### Records supplied
============
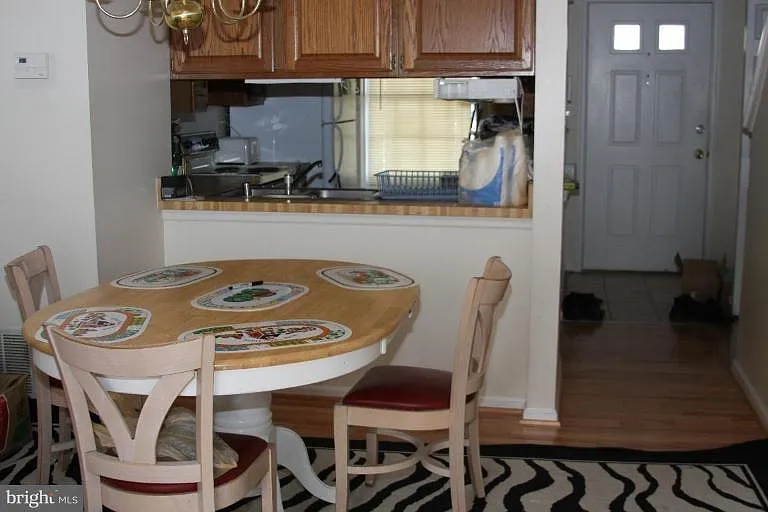 8527 Koluder Ct — Photo 4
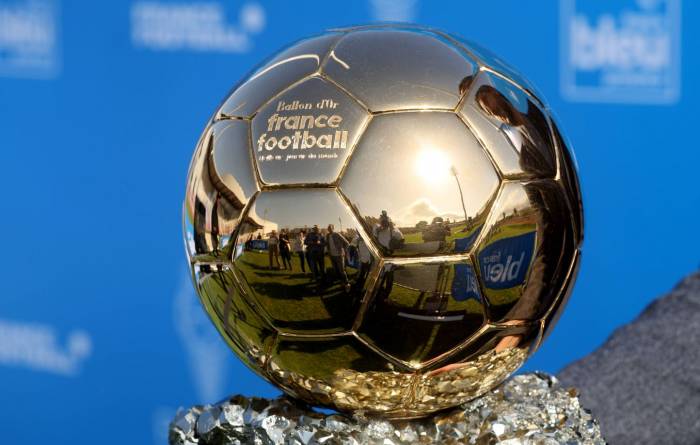 Who do pundits predict will win the Ballon d'Or? 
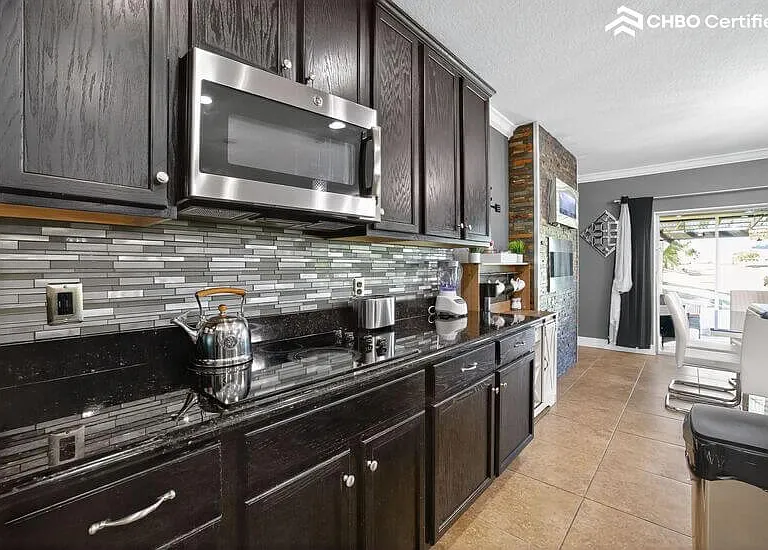 145 Malaga Ave — Photo 8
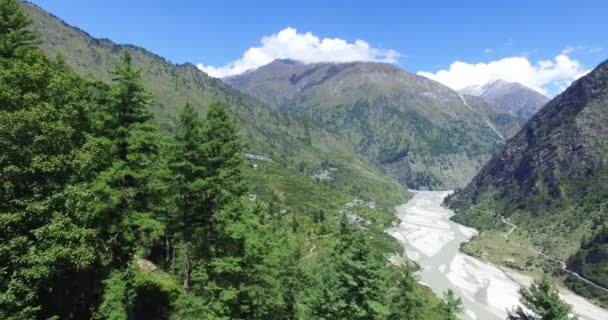 Vista aérea del valle del Ganges en la región del Himalaya India. — Vídeos de Stock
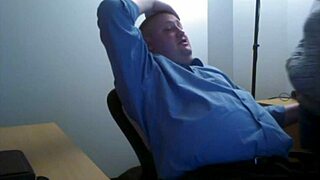 Skinny Asian Jenny sucks cock with deepthroat intensity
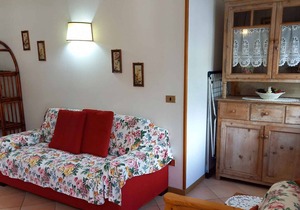 Holiday apartment 50 m from the lake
============
### Problem to solve
Skip all pictures. Then give again, exactly, each line from the line holding "145 Malaga Ave — Photo 8" through the last line of the listing above, both ends included.

### Your response
 145 Malaga Ave — Photo 8
 Vista aérea del valle del Ganges en la región del Himalaya India. — Vídeos de Stock
 Skinny Asian Jenny sucks cock with deepthroat intensity
 Holiday apartment 50 m from the lake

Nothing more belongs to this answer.